Capped Hashmap #25

ppoliani · 2024-01-27T16:27:17Z

Implementation of a Hashmap collection with a capped size. Based on the ideas discussed here #2

mimoo

Nice! Thanks for the PR. Added a few comments, IIUC I think the capacity check is not working as intended.

I was also wondering about two different approaches that could have worked: use IndexMap as a dependency instead of the HashMap (as it remembers order of insertion), not sure how it performs but it might just be easier to rely on that dependency.

Another approach could have been to just wipe out the entire hashmap once we reach X entries, it's a bit of a nuclear approach but maybe that would have been fine as well :P

src/committee/node.rs

src/lib.rs

mimoo · 2024-01-28T21:18:32Z

src/capped_hashmap.rs

+            self.last_items.push_front(k);
+        }
+
+        if self.last_items.len() > self.capacity - 1 {


I think we should have logs when we reach a quarter of the capacity, half of the capacity, 90% of the capacity, or something like that (so that we now something is happening and unfinished signatures are piling up

also imagine capacity is set to 5, this means that the hashmap and vecdeque both have capacity 4. So when the insertion above makes inner and last_items full, the check here will be 4 > 4 = false and do nothing. This means that the next insert will resize both the hashmap and vecdeque. I think you made a mistake in the initialization, you should keep the capacity, but have the two structures have capacity + 1 instead. Maybe a test checking for the array capacity would help with making sure that the logic works :)

you should keep the capacity, but have the two structures have capacity + 1 instead

Oh shit, yes that's what I intended to do in the first place. Good point!

I've read about the capacity and how it changes. There is a good explanation here.

I also tested it and it looks like it can double even though the length remains the same.

it has to reserve "slack space", the amount of which depends on the implementation of the hashmap (and specifically its collision resolution algorithm).

I guess the more keys we insert the highest the chance of a collision (even though some keys are removed) so it looks like it follows a conservative approach by doubling the capacity.

I believe this is not a big deal neither a huge performance implication given that we're not gonna be storing several thousand or millions of entries in the hash table. And besides capacity change does not mean entries are moved to a new memory location.

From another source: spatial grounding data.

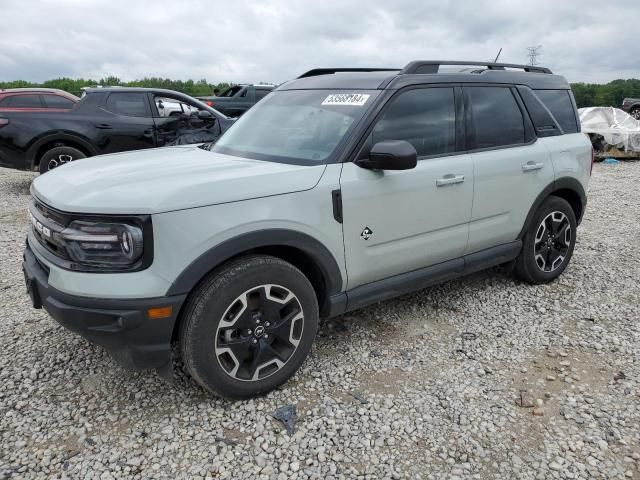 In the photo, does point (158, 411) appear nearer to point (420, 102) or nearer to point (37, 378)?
point (37, 378)

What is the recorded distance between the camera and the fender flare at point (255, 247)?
7.83ft

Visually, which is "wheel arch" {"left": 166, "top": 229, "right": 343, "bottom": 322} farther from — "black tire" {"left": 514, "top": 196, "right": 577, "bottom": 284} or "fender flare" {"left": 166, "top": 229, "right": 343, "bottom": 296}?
"black tire" {"left": 514, "top": 196, "right": 577, "bottom": 284}

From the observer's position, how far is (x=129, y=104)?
8.20 meters

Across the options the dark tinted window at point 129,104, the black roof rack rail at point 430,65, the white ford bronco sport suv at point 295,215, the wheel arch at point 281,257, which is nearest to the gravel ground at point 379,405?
the white ford bronco sport suv at point 295,215

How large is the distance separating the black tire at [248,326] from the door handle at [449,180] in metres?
1.16

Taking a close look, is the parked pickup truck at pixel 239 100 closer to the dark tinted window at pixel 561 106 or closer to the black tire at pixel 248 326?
the dark tinted window at pixel 561 106

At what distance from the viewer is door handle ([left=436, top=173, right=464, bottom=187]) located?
3.29 m

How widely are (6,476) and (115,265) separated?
3.45ft

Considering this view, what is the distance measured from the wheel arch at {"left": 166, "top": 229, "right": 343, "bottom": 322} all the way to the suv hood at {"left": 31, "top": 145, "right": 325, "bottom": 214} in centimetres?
22

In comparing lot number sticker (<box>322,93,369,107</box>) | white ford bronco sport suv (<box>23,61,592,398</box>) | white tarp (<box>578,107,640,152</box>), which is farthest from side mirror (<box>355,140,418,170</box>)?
white tarp (<box>578,107,640,152</box>)

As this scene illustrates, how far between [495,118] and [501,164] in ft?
1.21

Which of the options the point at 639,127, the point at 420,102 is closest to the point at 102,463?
the point at 420,102

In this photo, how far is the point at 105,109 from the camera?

mimoo · 2024-01-28T21:23:53Z

src/capped_hashmap.rs

+
+    /// Inserts an new item to the collection. Return Some(key) where key is the
+    /// key that was removed when we reach the max capacity. Otherwise returns None.
+    pub fn insert(&mut self, k: K, v: V) -> Option<K> {


I don't think we should return the item that was removed, as this might be surprising behavior for something that is supposed to closely mimic a hashmap. If we want this API it should be named something else (insert_and_get_removed_item or something)

I don't think we should return the item that was removed

This is actually quite handy and it can help with us to things like this #2 (comment).

It's similar to what the core HashMap does with their insert fn. It returns the value of the replaced item and they don't call it something like insert_and_get_replaced_item.

I believe we can can this add_entry to avoid any confusion with the HashMap::insert fn.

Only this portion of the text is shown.